■ Data in this exercise:
- Opening Delimiter -

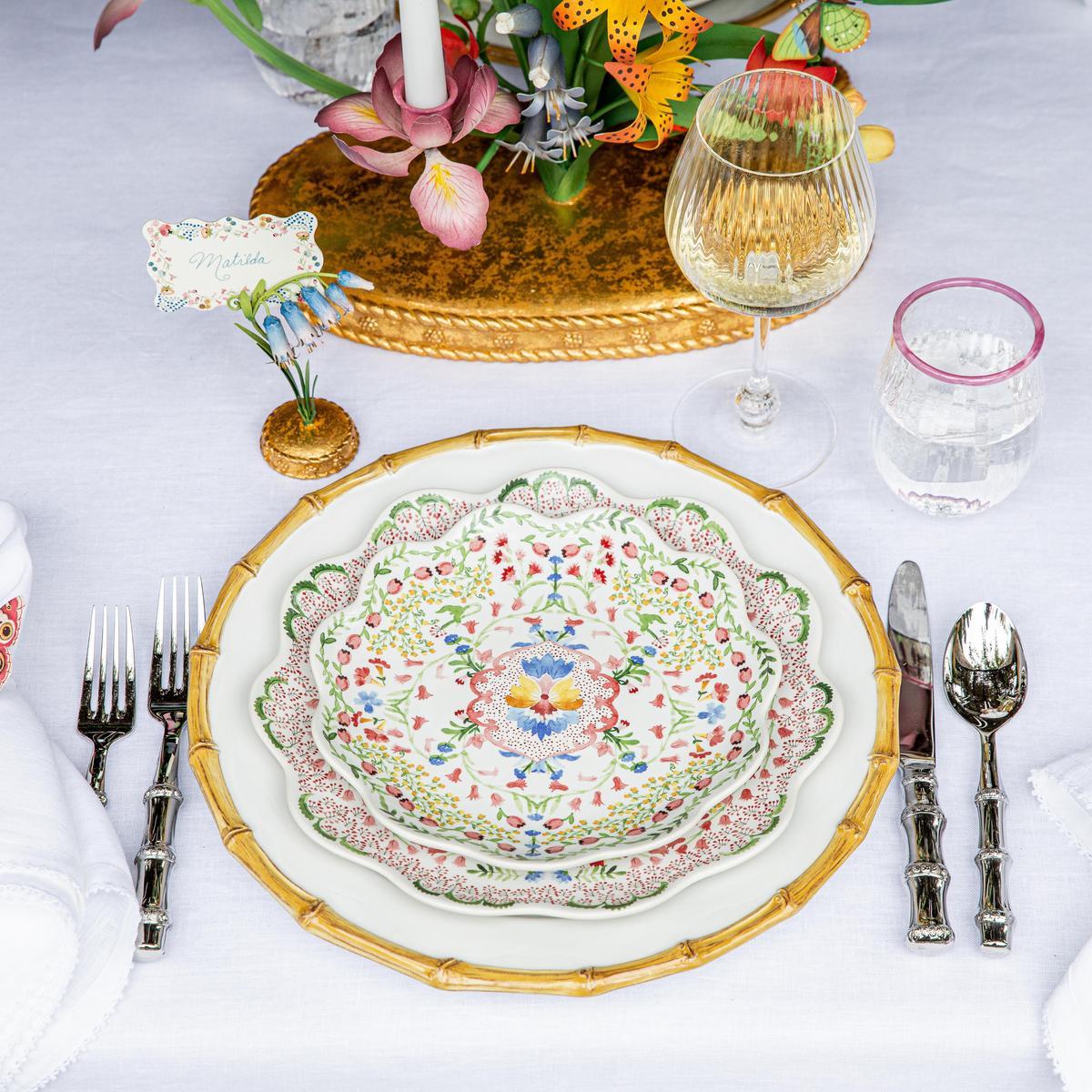 Sofia Dessert/Salad Plate in Multi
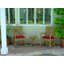 Wilshire Outdoor 3 - Piece Teak Conversation Set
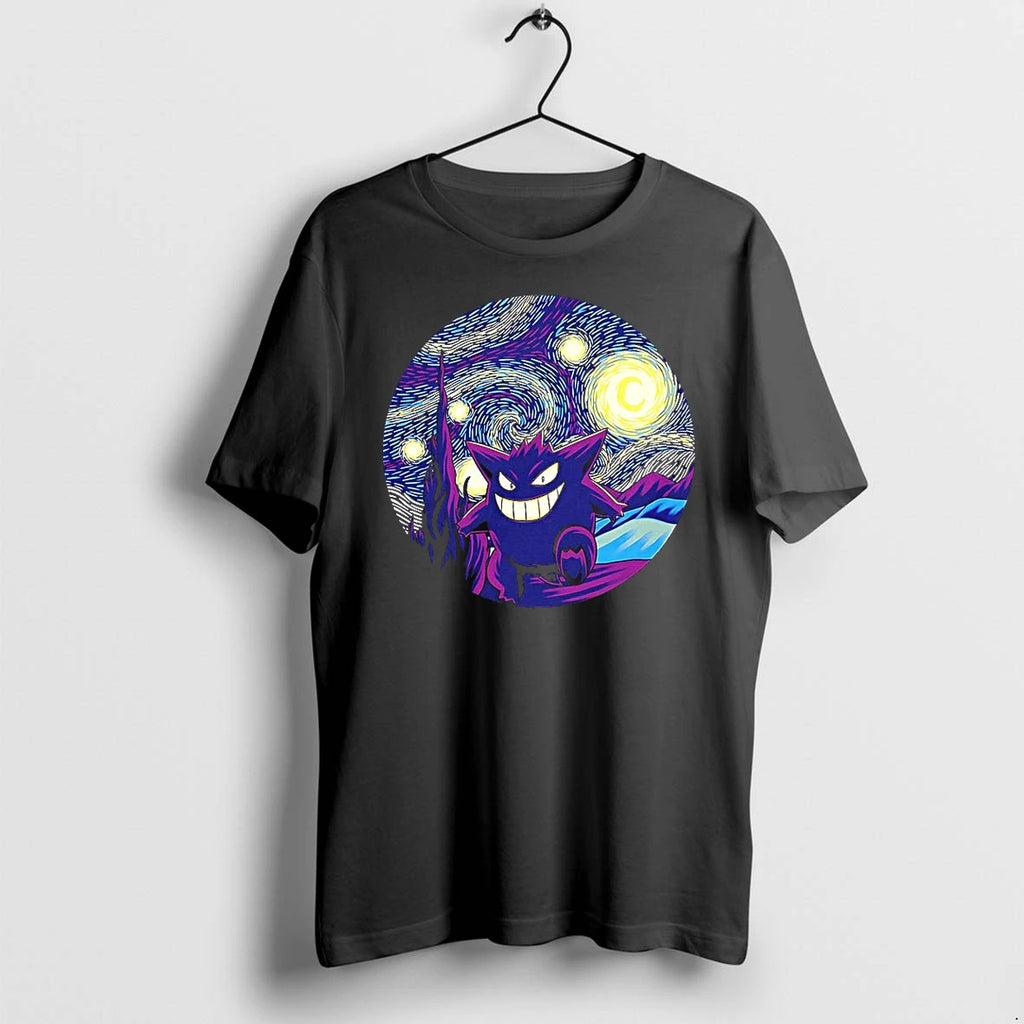 Gengar X Van Goghs Starry Night Starry Ghost Tshirts Sweater
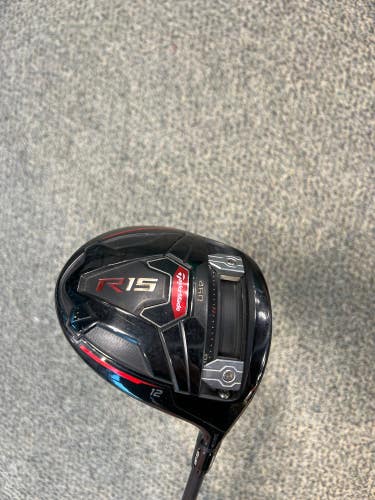 Used Men's TaylorMade R15 Black Right Driver Regular 12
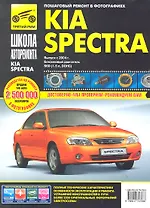 Kia Spectra с 2004 г. бенз. дв. 1.6 ч/б фото рук. по рем.//с 2004 г.//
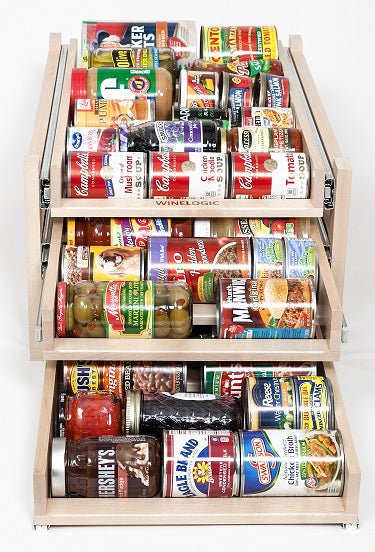 Wine Bottle & Can Pull-Out Storage-DirectCabinets.com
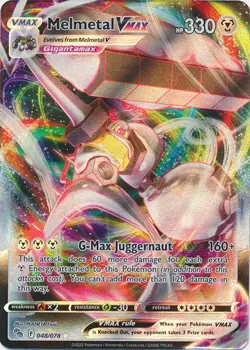 UR-01 Holo Melmetal VMAX 048/078 Ultra Rare Pokemon GO - Image 1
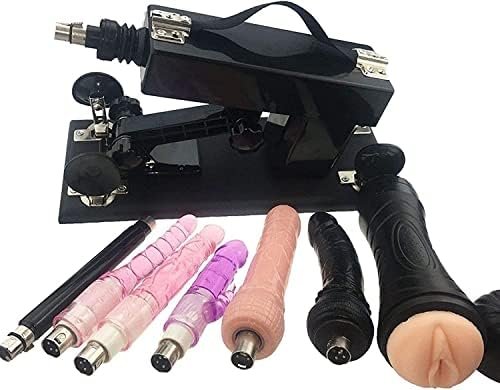 Chega Massager Women Adult Machine Automatic Telescopic Toy, Black, Adjustable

- Closing Delimiter -

■ Task description: Each entry must be retyped word for word, with every image omitted.

■ Output for this exercise:
 Sofia Dessert/Salad Plate in Multi
 Wilshire Outdoor 3 - Piece Teak Conversation Set
 Gengar X Van Goghs Starry Night Starry Ghost Tshirts Sweater
 Used Men's TaylorMade R15 Black Right Driver Regular 12
 Kia Spectra с 2004 г. бенз. дв. 1.6 ч/б фото рук. по рем.//с 2004 г.//
 Wine Bottle & Can Pull-Out Storage-DirectCabinets.com
 UR-01 Holo Melmetal VMAX 048/078 Ultra Rare Pokemon GO - Image 1
 Chega Massager Women Adult Machine Automatic Telescopic Toy, Black, Adjustable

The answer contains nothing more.